Records from a dataset
++++++++++++++++++++

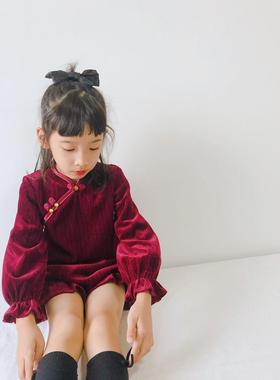 女童旗袍2023新款儿童宝宝冬款汉服古装改良中式红色唐装裙子拜年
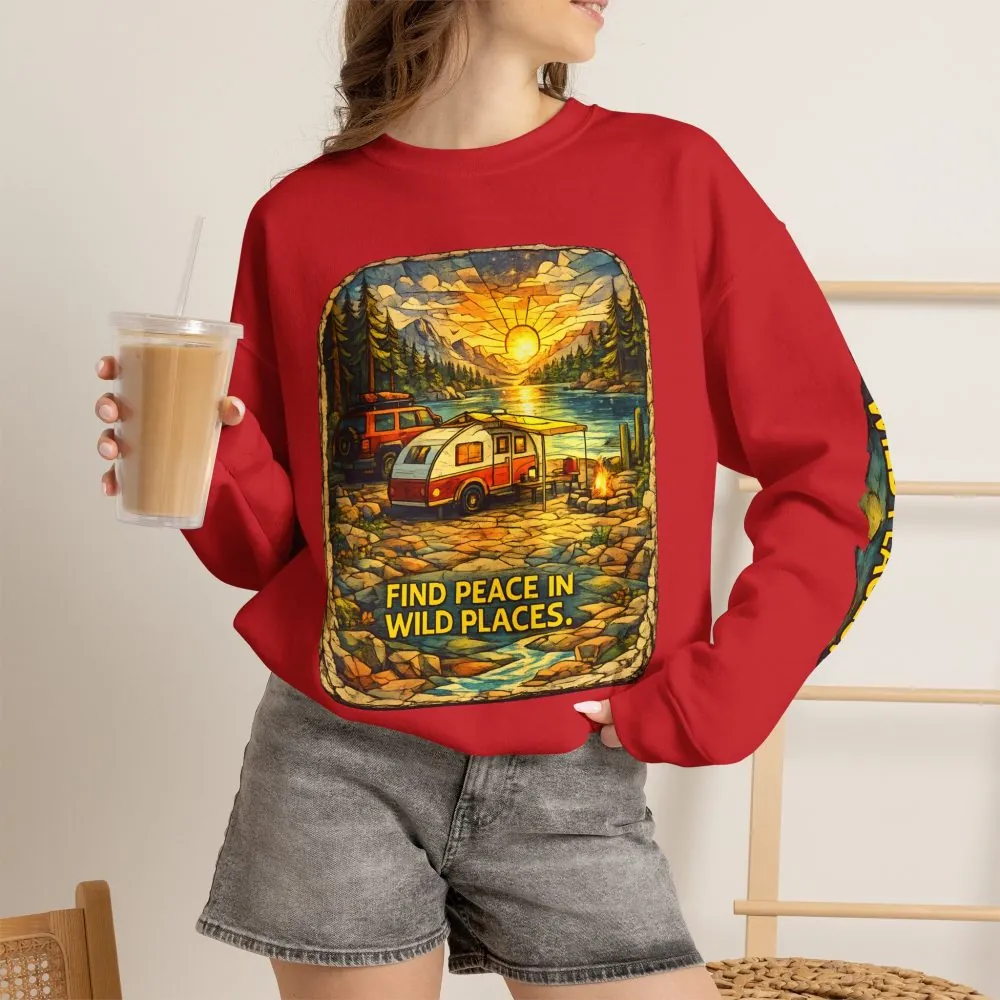 2714545657537459058_2048.jpeg Unisex Heavy Blend™ Crewneck Sweatshirt — "Find Peace In Wild Places" Design Cubic-Line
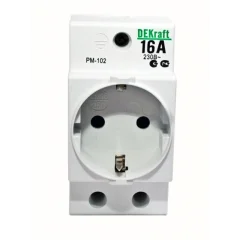 Розетка модульная на DIN-рейку 2P+PEN 16A 220В РМ-102 DEKraft 18012DEK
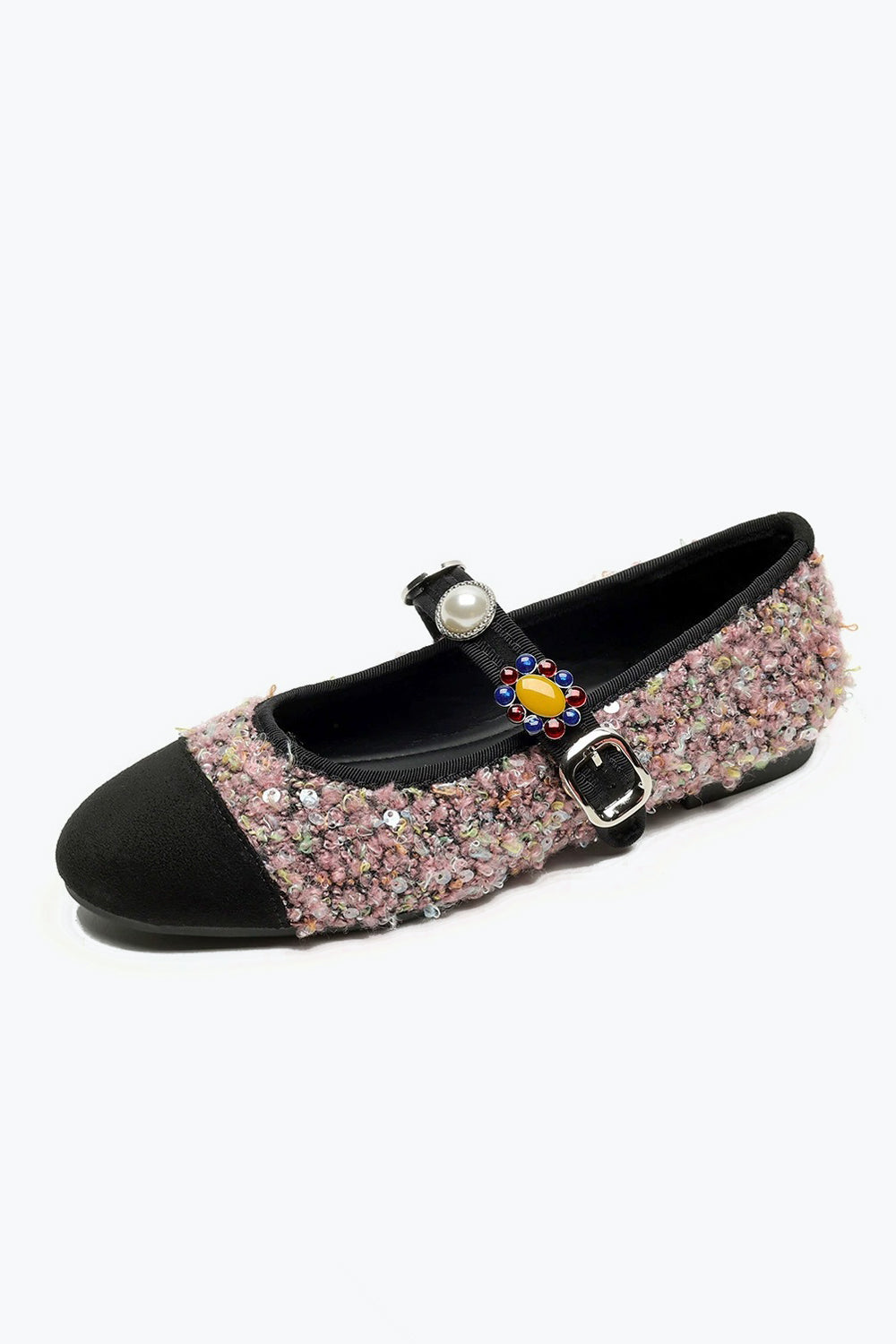 Flat Shoes with Textured Upper and Beaded Strap - Pink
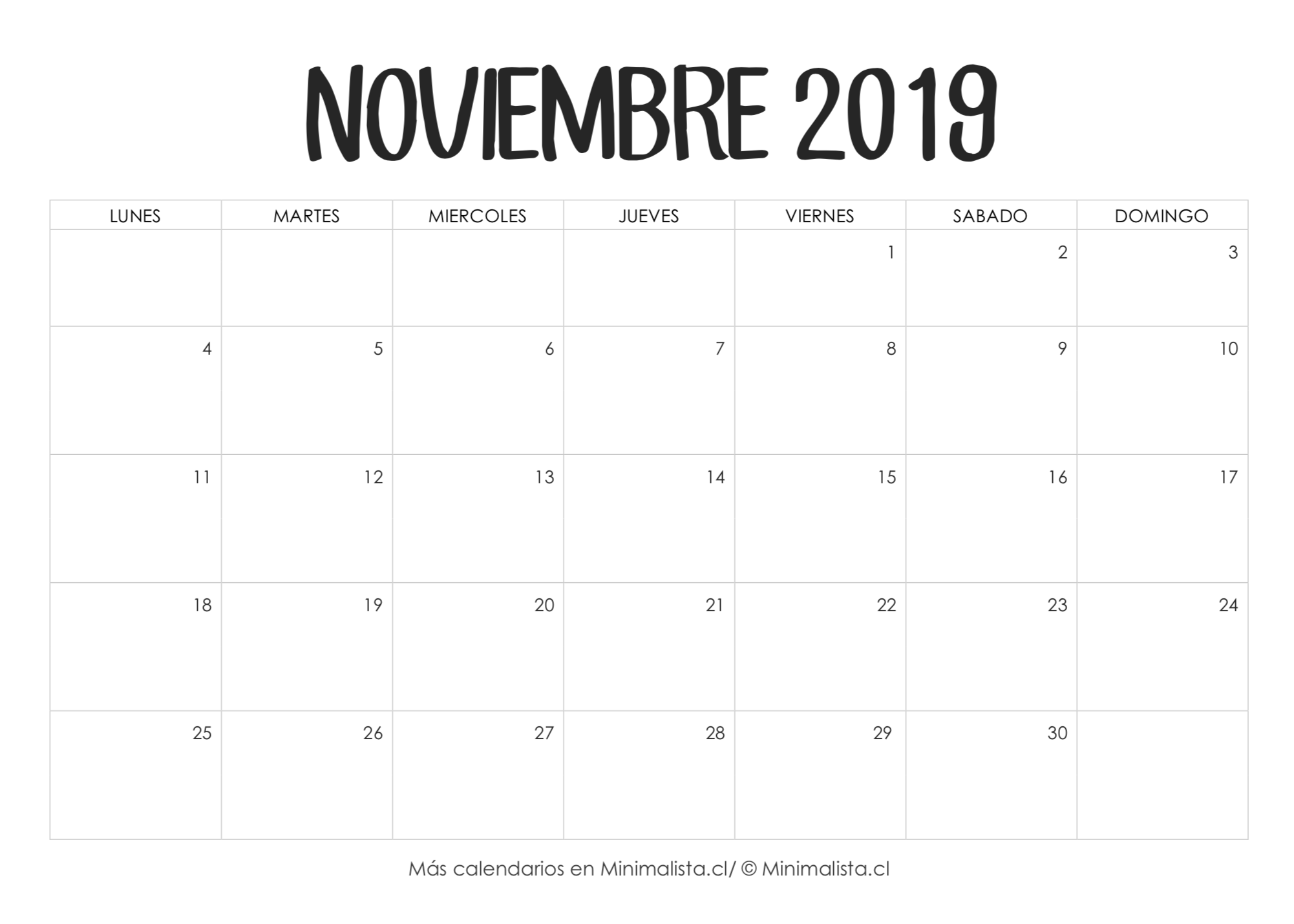 Calendario Noviembre 2019 para Imprimir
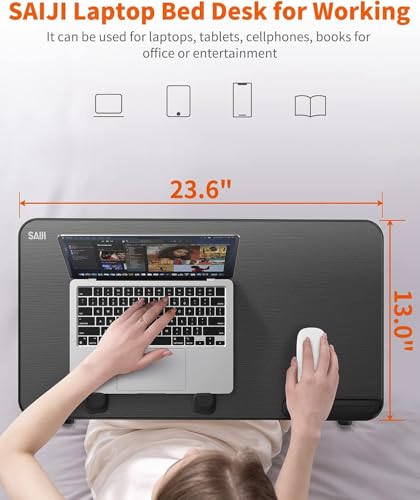 image for Laptop Desk for Bed, SAIJI Lap Desks Bed Trays for Eating Writing, Adj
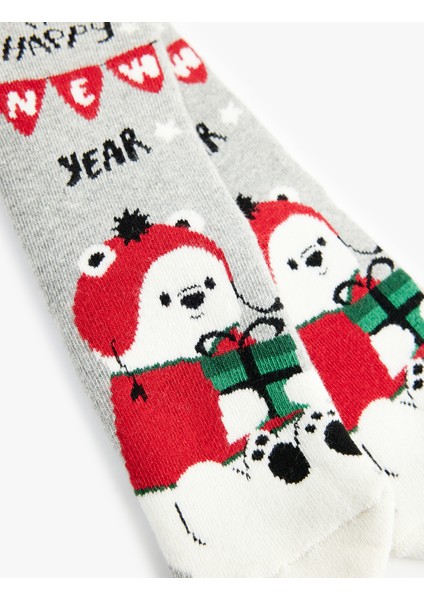 Yeni Yıl Temalı Pamuklu Havlu Çorap modelleri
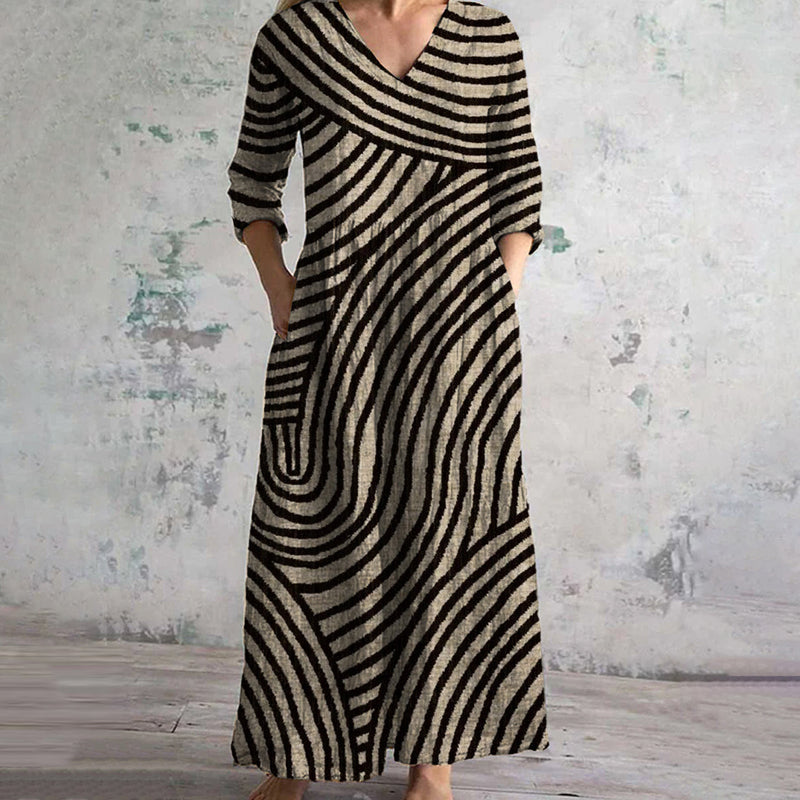 AYLA™ | Vintage Striped Dress – Timeless Elegance with a Modern Twist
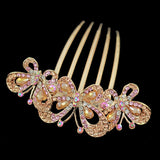 Gold Finish Champagne & Pink Rhinestone 3 Butterflies French Twist Comb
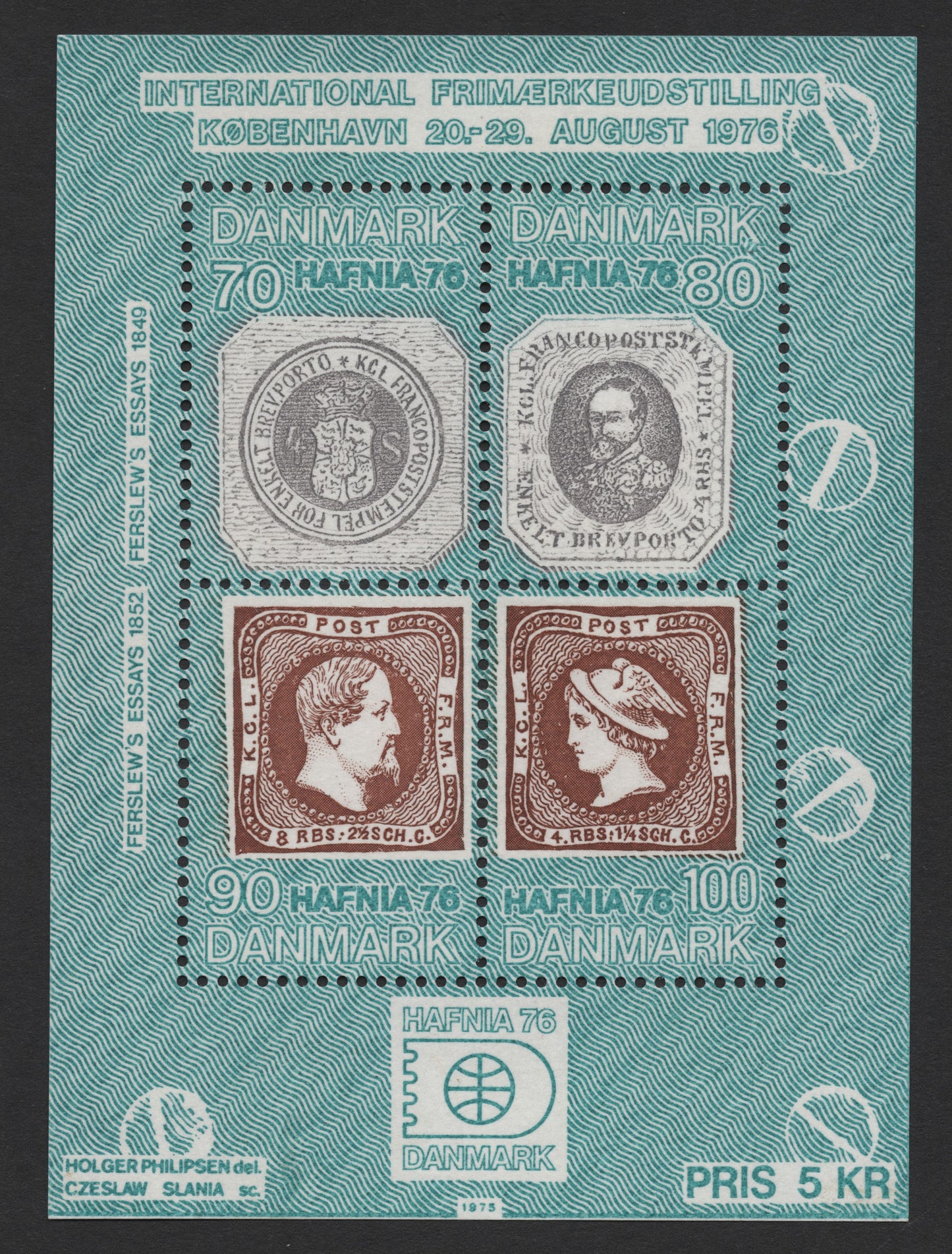 SCG1323 - Denmark 1975 – Hafnia 76 International Stamp Exhibition Miniature Sheet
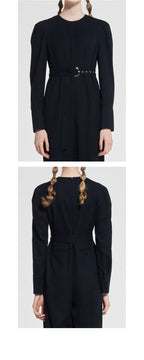 WOVEMENT Belted Wool Jumpsuit Navy WBAFJS001NV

++++++++++++++++++++

Copy these entries precisely and drop any picture.

 女童旗袍2023新款儿童宝宝冬款汉服古装改良中式红色唐装裙子拜年
 2714545657537459058_2048.jpeg Unisex Heavy Blend™ Crewneck Sweatshirt — "Find Peace In Wild Places" Design Cubic-Line
 Розетка модульная на DIN-рейку 2P+PEN 16A 220В РМ-102 DEKraft 18012DEK
 Flat Shoes with Textured Upper and Beaded Strap - Pink
 Calendario Noviembre 2019 para Imprimir
 image for Laptop Desk for Bed, SAIJI Lap Desks Bed Trays for Eating Writing, Adj
 Yeni Yıl Temalı Pamuklu Havlu Çorap modelleri
 AYLA™ | Vintage Striped Dress – Timeless Elegance with a Modern Twist
 Gold Finish Champagne & Pink Rhinestone 3 Butterflies French Twist Comb
 SCG1323 - Denmark 1975 – Hafnia 76 International Stamp Exhibition Miniature Sheet
 WOVEMENT Belted Wool Jumpsuit Navy WBAFJS001NV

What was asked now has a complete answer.